Uno dei vantaggi competitivi dell’Ente Ospedaliero Cantonale è la multidisciplinarietà, fondamentale fin dalla presa in carico del paziente. Vale anche per Lei e il Suo team?

«Certamente. Lavoriamo molto con i colleghi dell’otorinolaringoiatria, dato che spesso la ricostruzione rappresenta una chirurgia additiva, necessaria dopo, per esempio, l’asportazione di tumori, come già ricordato, ma anche al bisogno con i neurologi e una fisioterapista specializzata, con esperienza nella riabilitazione post paralisi facciale, tramite la collaborazione con la Clinica Hildebrand – Centro di riabilitazione Brissago».

Attualmente su cosa state concentrando la ricerca?

«Tra le varie indagini, stiamo facendo uno studio clinico per capire meglio quella che è la struttura istologica dei nervi che noi innestiamo e dei trapianti di muscolo nei vari step di ricostruzione.

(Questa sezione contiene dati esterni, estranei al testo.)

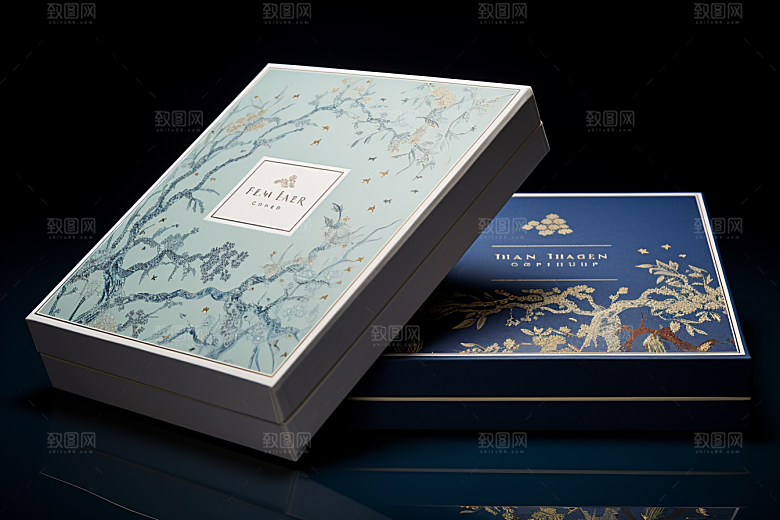 中式礼盒雅致中国风样机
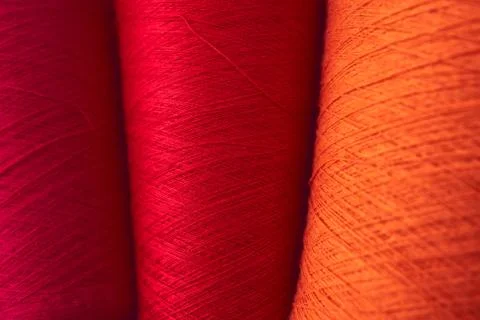 Composition of colorful vibrant wool threads Stock Photos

È uno studio che viene condotto in varie strutture, tra cui una ad Aarau, in Svizzera, e un’altra a Vienna, in Austria».  

Come si è accostato a questa branca della medicina?

«Fin da piccolo ho sempre voluto fare il chirurgo. Durante gli studi ho tirato dritto per quella strada, senza prendere in considerazione delle alternative. La specializzazione in chirurgia plastica ricostruttiva è maturata col tempo. Mi piaceva l’idea che si trattasse di un settore poco monotono. Soprattutto quando si ha a che fare con i casi più complessi – come nell’ambito della chirurgia ricostruttiva dopo una paresi facciale – si devono mettere a punto terapie mirate e individualizzate per ciascun paziente. Bisogna collaborare con tanti professionisti di altre discipline, ulteriore aspetto che apprezzo. Altrove, spesso, i pazienti che hanno subito una paralisi facciale, con tutte le conseguenze che essa comporta, non vengono aiutati perché non si conoscono bene tutte le opzioni a disposizione. E così, magari per anni, queste persone sono costrette a vivere con vari disturbi al viso, con delle ripercussioni abbastanza importanti sulla loro quotidianità e con effetti che possono essere ignorati o sottovalutati. Trovo che ogni persona, invece, abbia diritto alla propria integrità psicofisica. Ciascun caso, infine, costituisce una storia a sé stante. Lo trovo affascinante».